# OK to feed cooked chicken bones to hogs?



## ONG2 (Sep 22, 2010)

My wife whipped up a big batch of chicken soup for a sick SIL. She asked me if it was OK to feed the bones to our AGH's. The bones come from our range chickens so they are not the soft bones found in the grocery store chickens.

I didn't know the answer but I told her I knew where to get that answer, so folks what say you?


----------



## Astrid (Nov 13, 2010)

I would say no because cooked chicken bones splinter when they are chewed and can get caught in the throat. I've never fed them to any animal because of this.


----------



## MrHank (Sep 12, 2007)

We feed them to ours. Maybe not a great idea as I would not feed them to my dogs, but I think the pigs tend to chew and crush them before inhaling as a dog would do. We usually just give them the wwhole carcess and they wear it out. I am sure that you will get alot of different answers on here, but none of them will be wrong as everyone has had different experiances with this.


----------



## bruceki (Nov 16, 2009)

I have free-range chickens, and every now and then a hog figures out they're pretty tasty and eats a few. No ill effects.


----------



## FrankRichards (Dec 9, 2004)

About half my pigs diet is surplus human food. This frequently includes chicken, both cooked and raw. I've never had a problem.


----------



## tyusclan (Jan 1, 2005)

Feed them to the hogs. Won't hurt a thing.


----------



## ONG2 (Sep 22, 2010)

Thanks folks I'll pass this on to the wife, as an FYI we used to have a vet in town, who would take home cooked chicken bones from the restaurant to feed to his dogs. Do you suppose that the splintering bones is an old wives tale?


----------



## bruceki (Nov 16, 2009)

i've had chicken bones get stuck in a dogs mouth -- across the roof between the teeth on either side. but no problems inside the dog, ever. 

Maybe it's like lightning strikes -- it happens to folks, but not often enough to warrant the worrying about it.


----------



## Astrid (Nov 13, 2010)

ONG2 said:


> Thanks folks I'll pass this on to the wife, as an FYI we used to have a vet in town, who would take home cooked chicken bones from the restaurant to feed to his dogs. Do you suppose that the splintering bones is an old wives tale?

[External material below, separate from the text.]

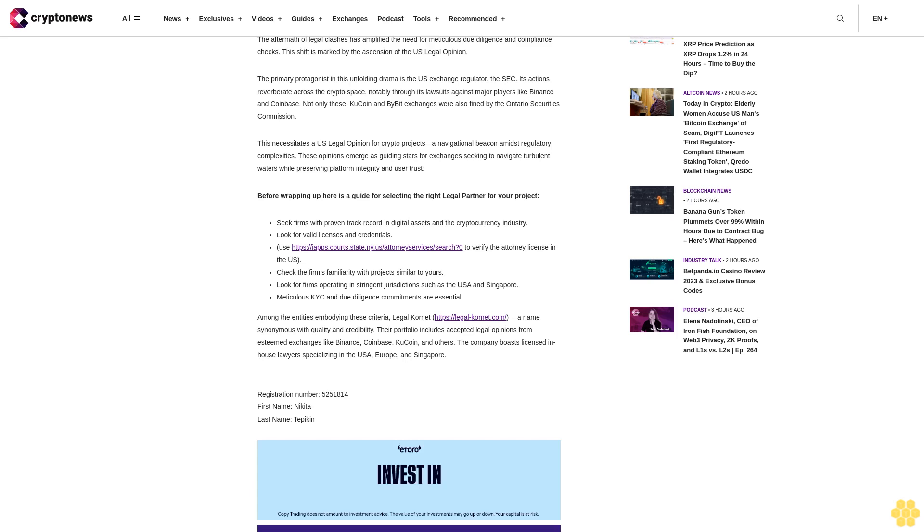Registration number: 5,251,814. First name: Nikita. Last name: Tepikin.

No. I used to feed them to our dogs until I HAD to get one to the vet and get the bone extracted from his soft palate.


----------



## highlands (Jul 18, 2004)

We feed them to our dogs, cooked, uncooked, boiled, baked, raw, what ever. Never a problem in decades with many dogs - we have about a dozen. I would expect similar results from hogs. Bird bones are food.

Cheers

-Walter
Sugar Mountain Farm
Pastured Pigs, Sheep & Kids
in the mountains of Vermont
Read about our on-farm butcher shop project:
http://SugarMtnFarm.com/butchershop
http://SugarMtnFarm.com/csa


----------



## FTG-05 (Mar 10, 2010)

We feed chicken (and pork, beef and turkey) bones to our dog all the time. No big deal here. My wife recalls that her dairy farm dogs got all the leftover food, including all bones, never a problem.

FWIW.


----------



## springvalley (Jun 23, 2009)

Probly not a problem, but I don`t feed mine bones. Just me maybe, don`t give to my dogs either. > Marc


----------